* **Exercise goal**: Set down each line of the data exactly, but not the pictures.

* **Listed records**:
────────────────

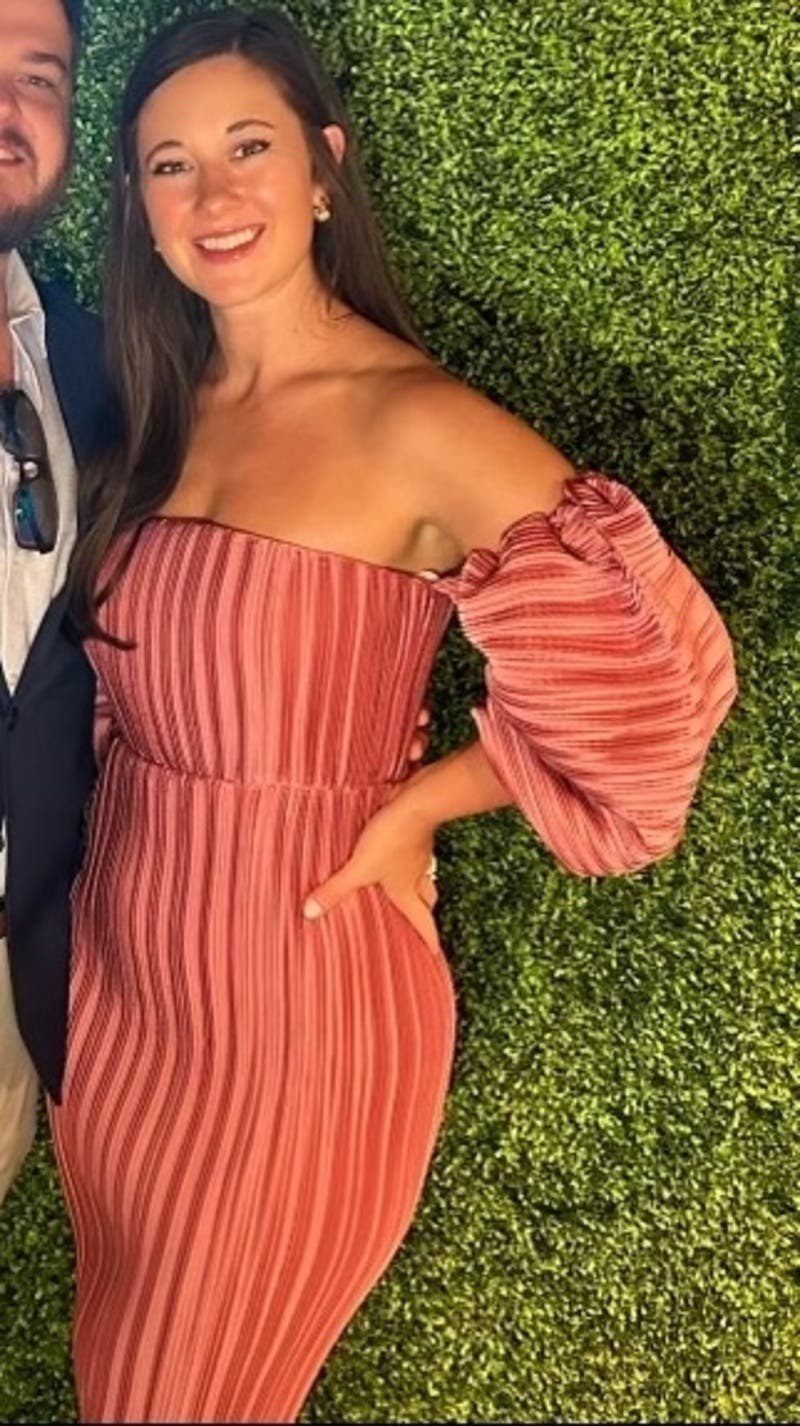 Kayla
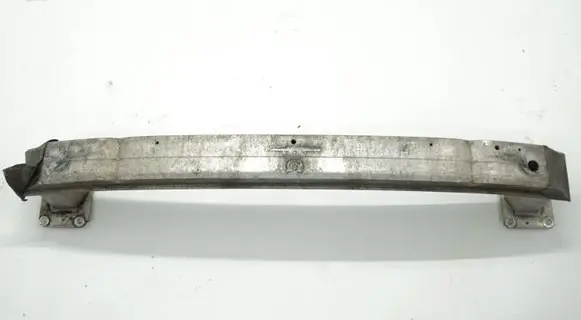 Peugeot 308 Front bumper support beam 9677364180ACR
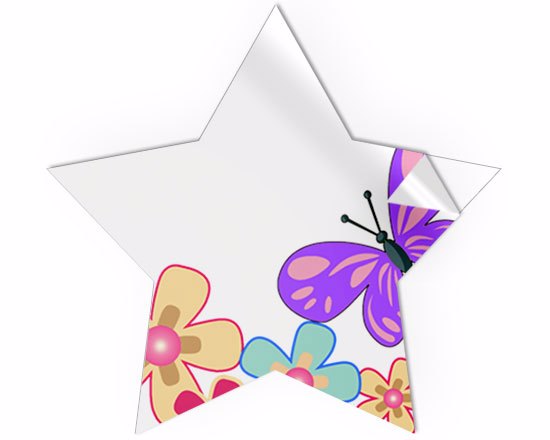 Grafica 2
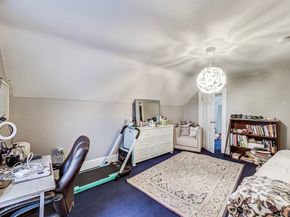 16 Cypress St, Somerville MA 02143
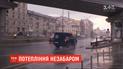 Нарешті літо: стовпчики термометрів підуть угору, а опади будуть короткочасними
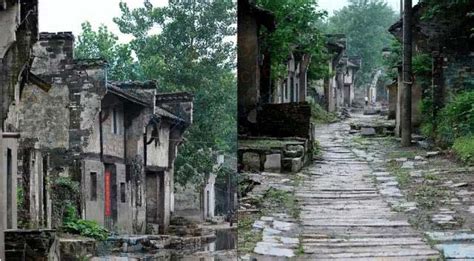 万里长江第四十五镇，中国古铜都，一座因铜得名、以铜而兴的三千年古城_铜陵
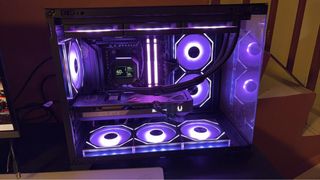 (Category: ) located in . Submitted by hoou99 (Listing ID 1449088292, Image 1). Description: .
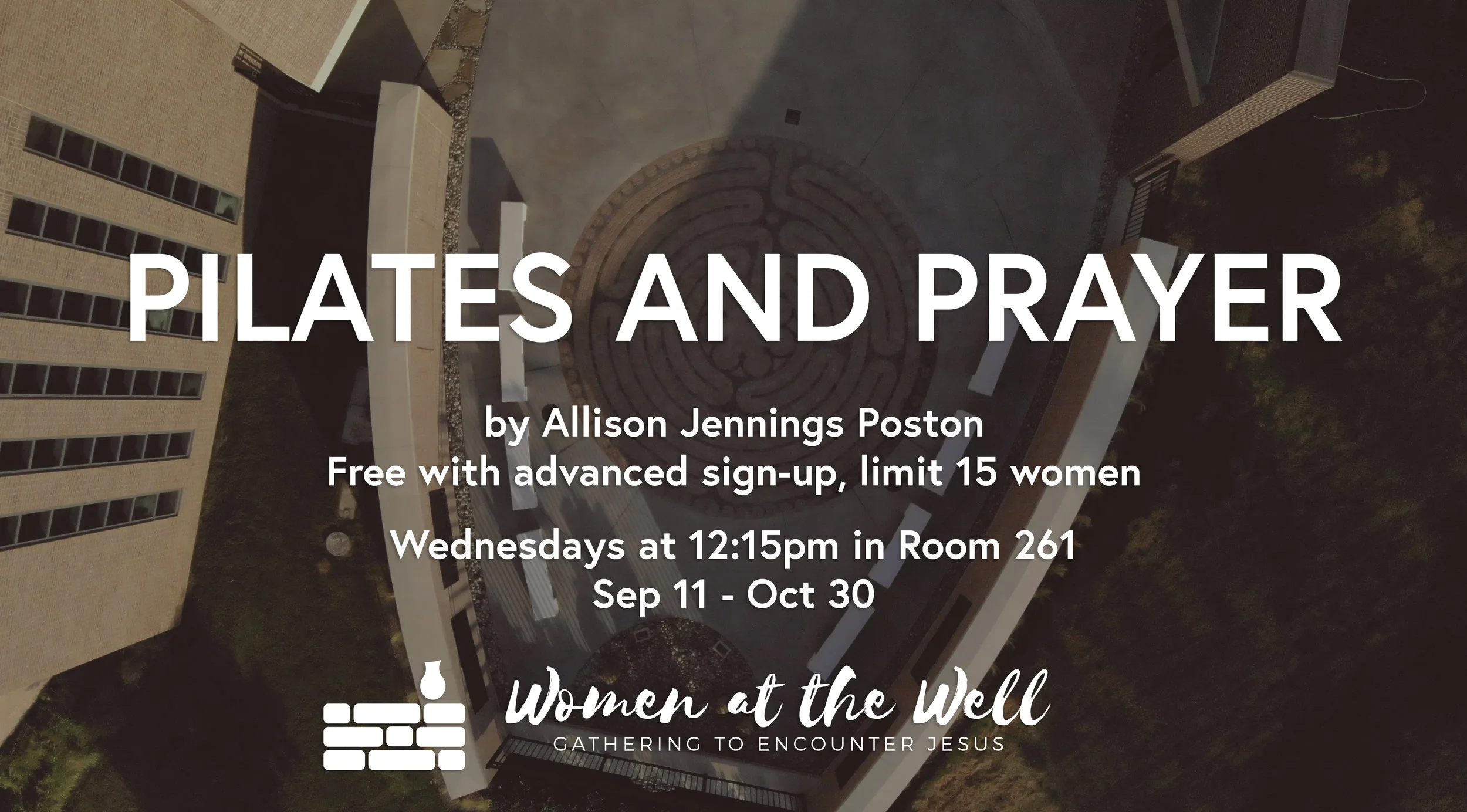 PilatesandPrayer graphic.jpg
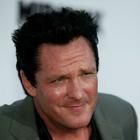 Michael Madsen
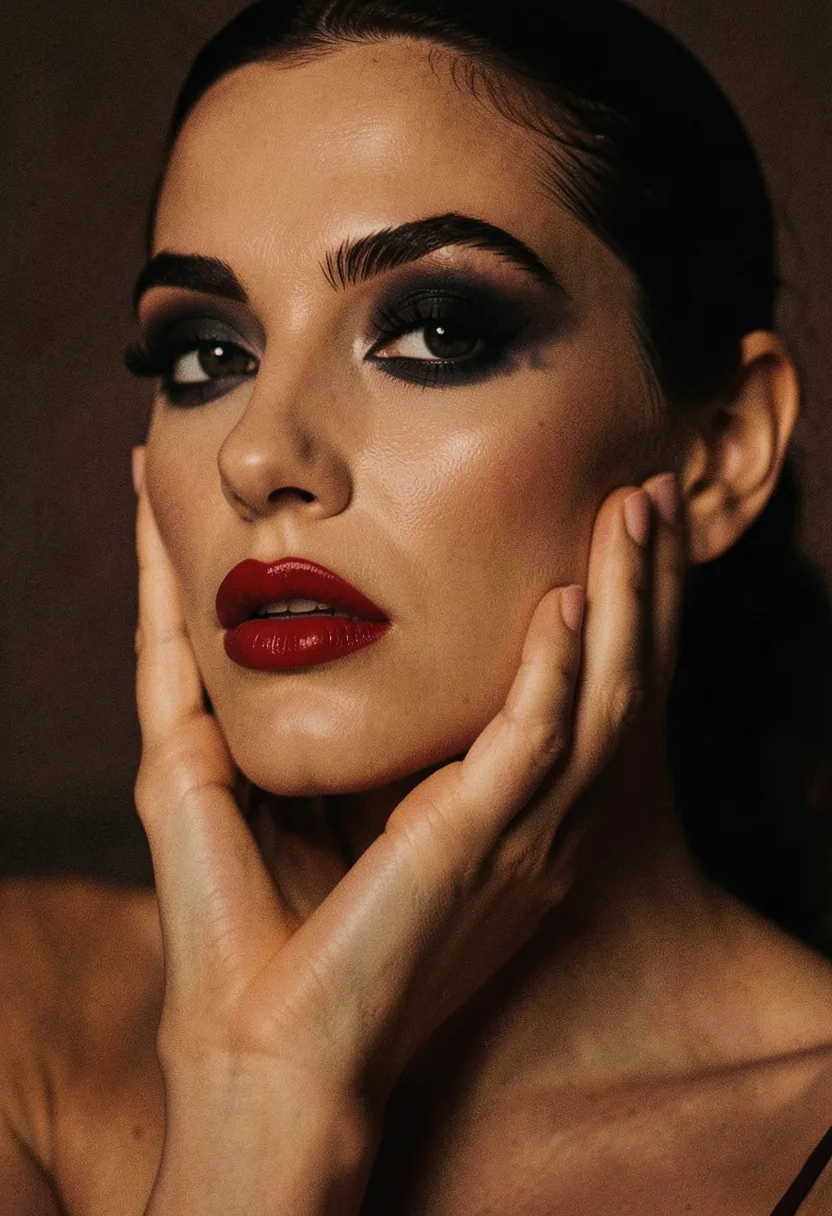 Saint-Nazaire — illustration éditoriale 3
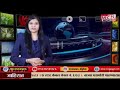 भावनेशी सुर जुळता : 20 मे 2023  MCN news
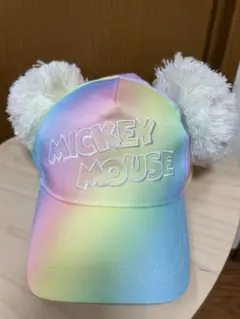 Item thumbnail for item ba09892d-5d6f-49f9-8e27-3eac07aca418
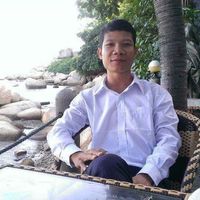 Hung Nguyen的照片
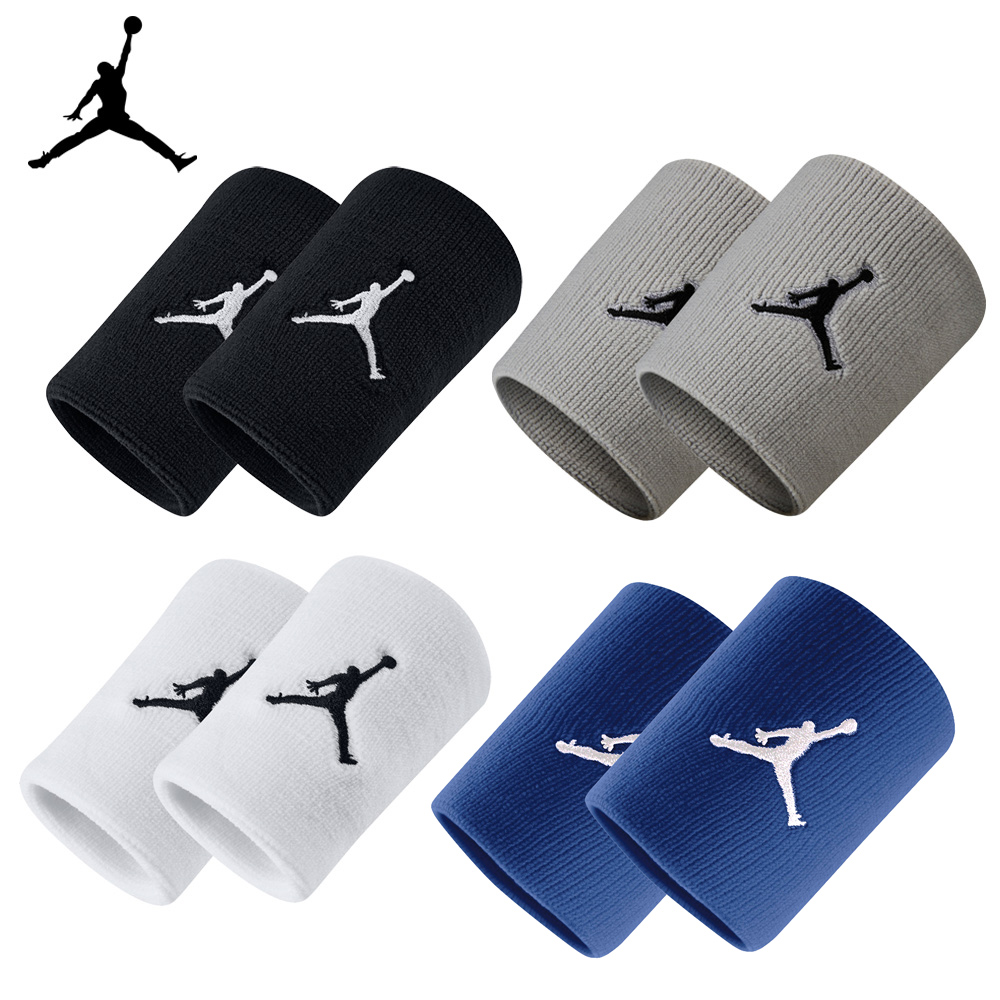 全自動(dòng)護(hù)腕帶剪切機(jī)HD-1301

────────────────

* **Exercise solution**:
 Kayla
 Peugeot 308 Front bumper support beam 9677364180ACR
 Grafica 2
 16 Cypress St, Somerville MA 02143
 Нарешті літо: стовпчики термометрів підуть угору, а опади будуть короткочасними
 万里长江第四十五镇，中国古铜都，一座因铜得名、以铜而兴的三千年古城_铜陵
 (Category: ) located in . Submitted by hoou99 (Listing ID 1449088292, Image 1). Description: .
 PilatesandPrayer graphic.jpg
 Michael Madsen
 Saint-Nazaire — illustration éditoriale 3
 भावनेशी सुर जुळता : 20 मे 2023  MCN news
 Item thumbnail for item ba09892d-5d6f-49f9-8e27-3eac07aca418
 Hung Nguyen的照片
 全自動(dòng)護(hù)腕帶剪切機(jī)HD-1301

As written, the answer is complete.